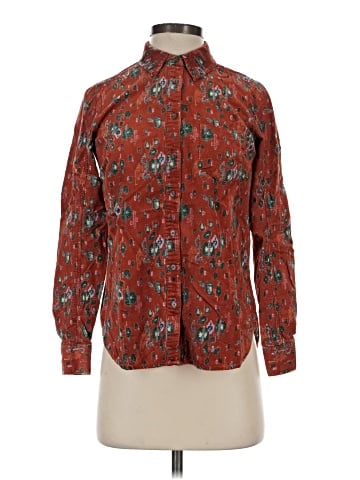 Anthropologie Long Sleeve Blouse (view 1)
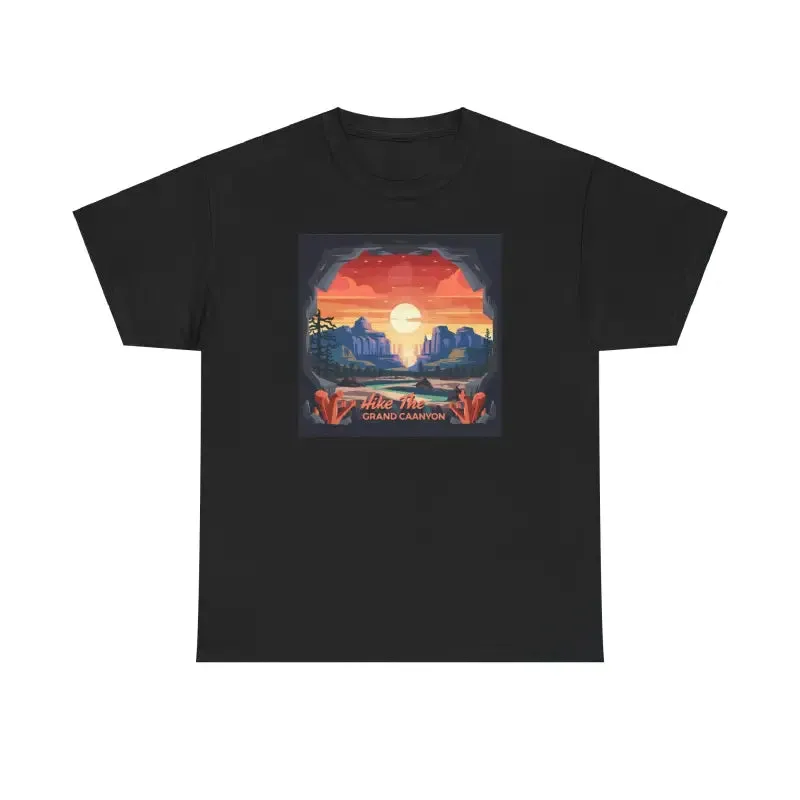 Unisex Deluxe t Shirt Beautiful Landscape Vibes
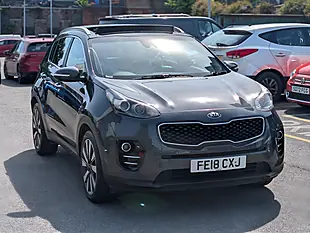 Used 2018 Kia Sportage 3 - Interior and Exterior details 5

-*-

What to work on: Everything in the listing is to be returned word for word, except the pictures.

Your solution:
 Anthropologie Long Sleeve Blouse (view 1)
 Unisex Deluxe t Shirt Beautiful Landscape Vibes
 Used 2018 Kia Sportage 3 - Interior and Exterior details 5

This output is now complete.